Sempre ponderado, Norberto ficou puto da vida, mandou o barbeiro à merda e foi para casa. Lá estava Carlota, na sala, comendo bolacha. Ele beijou a filha, perguntou do dia e sentou a seu lado para comer bolacha.

Dona Eugênia chegou pouco depois. Levou as compras para cozinha e ficou de lá vendo pai e filha comendo bolacha. Ela simplesmente não entendia porque o marido não fazia nada.

- Norberto, - disse chorosa. – Aproveita e fala com a menina...

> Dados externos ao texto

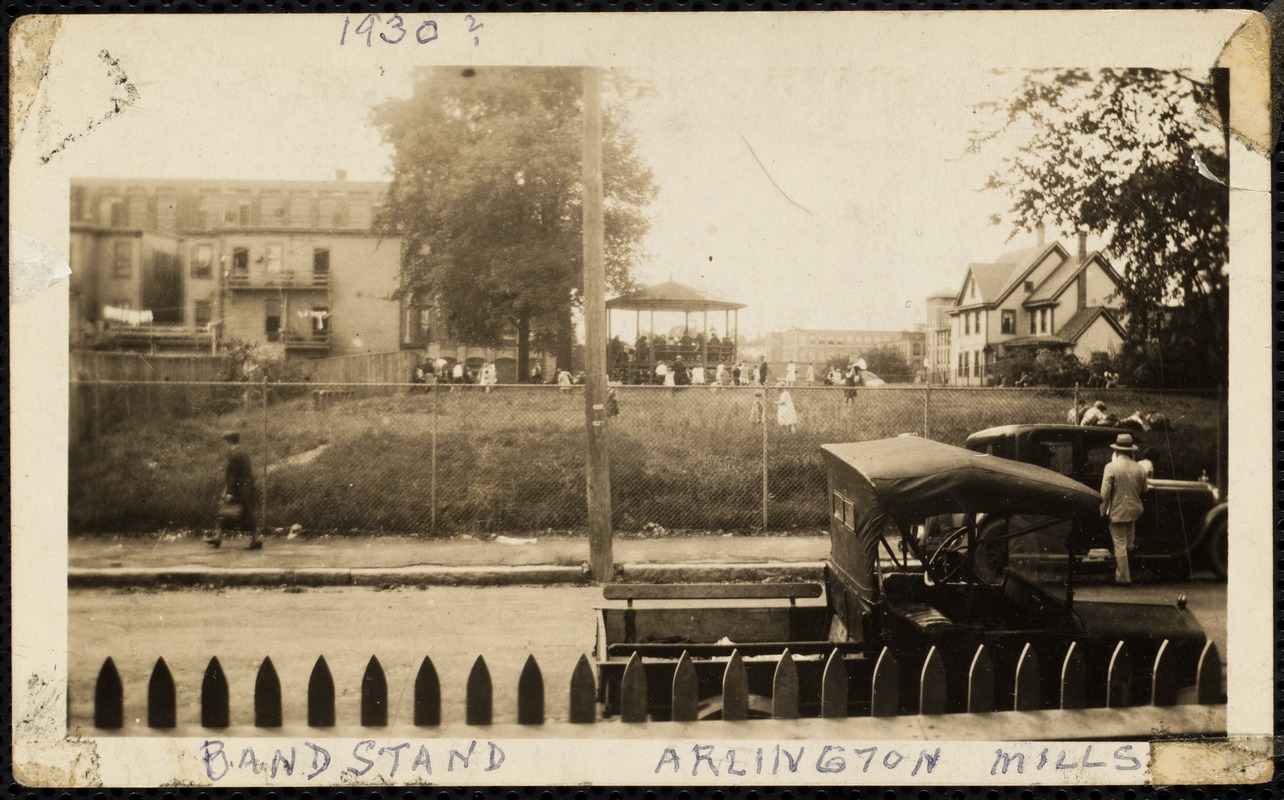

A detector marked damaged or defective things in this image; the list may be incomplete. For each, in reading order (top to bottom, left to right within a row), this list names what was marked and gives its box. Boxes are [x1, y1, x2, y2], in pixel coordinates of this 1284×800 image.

torn corner of mount [8, 227, 72, 305]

E ele queria mesmo falar com ela. Queria saber por que a filha tinha essa preferência estranha, desde pequena quando escolhia bolacha recheada de morango. Isso criava um problema porque a desculpa que ele tinha para comprar bolacha era a filha. E se ela preferia morango, como ele ia comprar chocolate?

- Falar o que mãe? – Disse Carlota sem tirar os olhos da tevê.

- Você e a Yolanda... De mãos dadas... Tá todo mundo falando...

Carlota deitou os olhos na mãe com muito carinho. Ela mastigava e pensava no tipo de coisa que se falava e no tipo de coisa que Dona Eugênia ouvia – o que nem sempre é a mesma coisa.

- Pode ficar tranquila que eu não ando mais de mão dada com ninguém. – Disse voltando a olhar a tevê. – A não ser com meu pai.

Dona Eugênia sorriu satisfeita, deu meia volta e ia subindo a escada para seu quarto quando ouviu a filha:

- Mas eu ainda vou continuar trepando com a Yolanda.

A mãe deu de ombros. Se ninguém via não acontecia.